Politics

Democrats Can’t Move On From 2016 Presidential Primary

WASHINGTON — Democrats say the contentious primary fight between Hillary Clinton and Sen. Bernie Sanders has spilled over into their Democratic National Committee chair election, as well as their candidate recruitment strategy for the 2018 midterms.

The DNC’s 447 voting members will gather together in Atlanta on Feb. 25 to elect the next chair, vice chairs and other senior-positions.

“The outcome of this election will either be the end of Clintonism or the beginning of a Democratic Party shifting immediately out of the center to the left towards Sanders and [Keith] Ellison. Establishment versus rebellion,” long-time Democratic strategist Hank Sheinkopf told The Daily Caller in an e-mail statement.

Ten candidates are running for party chairman, expected to be elected this month, and liberal progressives who backed Sanders appear to support Minnesota Democratic Rep. Keith Ellison, co-chair of the House Progressive Caucus, while former Obama Labor Secretary Thomas Perez has the support of those who supported Clinton, as well as allies of former President Barack Obama.  Perez received the endorsement of Vice President Joe Biden in early February.

During a rally for Ellison, Huffington Post reported, former NAACP president Ben Jealous, a supporter of Sanders and now Ellison for DNC chair, stated, “All these good people in this room ― we know a good brother when we see him, we know a good leader when we see him. We tried to tell y’all before what a good leader looks like,” suggesting that Democrats made a mistake by nominating Clinton.

Democrats find themselves wandering without a leader since the 2016 election loss and are still attempting to agree on a correct strategy for success in a future election cycle.

Previously led by then-Democratic National Campaign Committee chairman Rahm Emanuel, the House 2006 win for Democrats only lasted until the 2010 election cycle, but the progressive wing of the party does not seem interested in talking about deploying the strategy that won them the House to begin with. That strategy involved running and recruiting centrist Democrats to run in Republican leaning districts.

Liberal Chicago media outlet, the Chicago Reporter, responded to Emanuel’s assertion that the party needed to take a “chill pill” and stop giving “moral victory” speeches that lost them elections and stated that the biggest “problem” with his 2006 recruitment strategy was that the candidates were “pro-war, pro-guns, anti-abortion and anti-immigrant.”

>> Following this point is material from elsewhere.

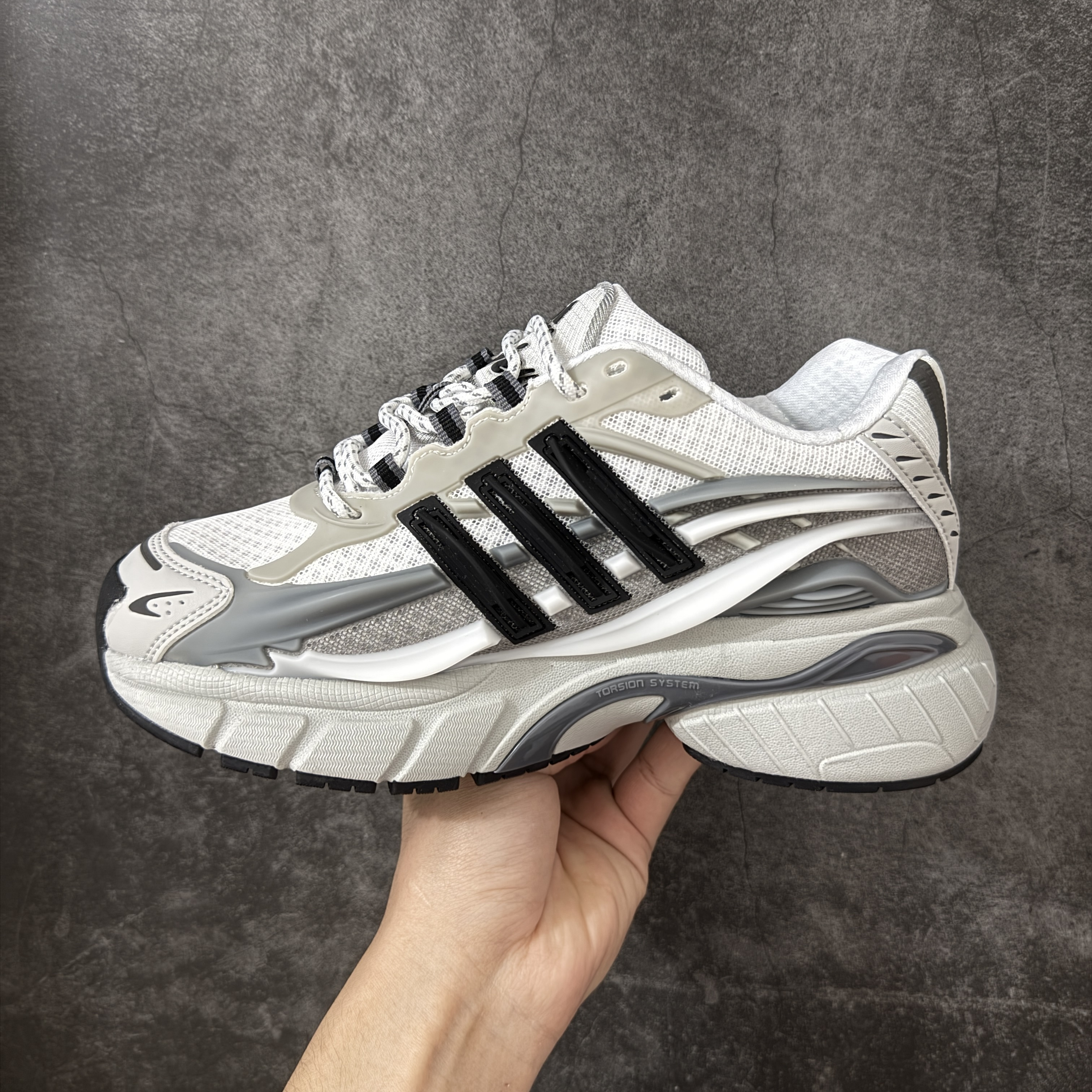 pharrell williams x adidas Adistar Jellyfish 水母鞋舒适时尚防滑透气  低帮老爹鞋 男女同款 银白 JP9265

“That’s pretty much the opposite of the values of millions of citizens who have taken to the streets in recent weeks, and who are determined to turn around the Democratic Party. If the party is to have a future, they are it. Nor are they the ‘hard left,’ as some media types cast them. They are the American center, appalled at what’s happening to our country under Trump,” Chicago Reporter’s opinion writer Curtis Black contended.

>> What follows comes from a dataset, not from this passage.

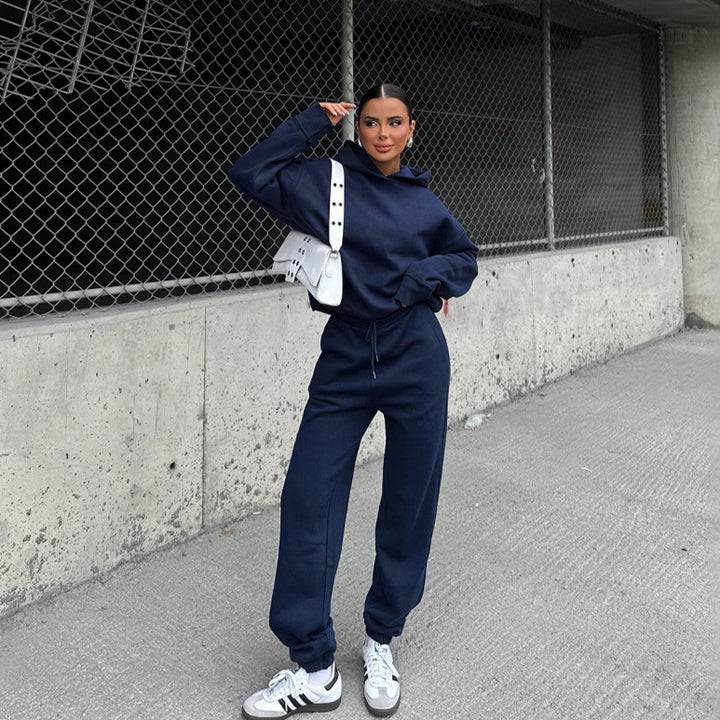 Dame behagelig og stilfuld sport-hoodie-kombination Stilla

When asked by the Daily Caller if the DCCC had been consulting with Emanuel over the 2018 strategy, New Mexico Democratic Rep. Ben Ray Luján, DCCC chairman, confirmed the organization had not been talking with their former chair. Nevertheless, Lujan said the DCCC is in the midst of an aggressive candidate recruitment effort to find individuals in rural districts Republican districts to run against the incumbents.

Maryland Democratic Rep. Elijah Cummings would only say he had “no time to chill” and that “life is too short” to do so.

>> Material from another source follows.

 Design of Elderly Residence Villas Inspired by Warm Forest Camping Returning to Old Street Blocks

Base liberal groups also expressed alarm over the invitation to a speaker from the moderate tank, Third Way, to the party’s annual retreat in Baltimore last week. During the presentation to Democratic members by a Third Way vice president, a number of House liberal members reportedly got up and left the room.

House Minority Leader Nancy Pelosi disputed to reporters in Baltimore there was any walkout she noticed. Despite the angry fervor against their ideas, moderate Democrats believe there should be a voice for their faction in the party.

“I’ve seen a majority, and a majority looks like people who have very different backgrounds, who use different language, who emphasize different things,” Connecticut Democratic Rep. Jim Himes, chairman of the New Democrat Coalition, told reporters. “We better be pretty open-minded about doing everything we can to get bigger and more diverse rather than smaller and more orthodox.”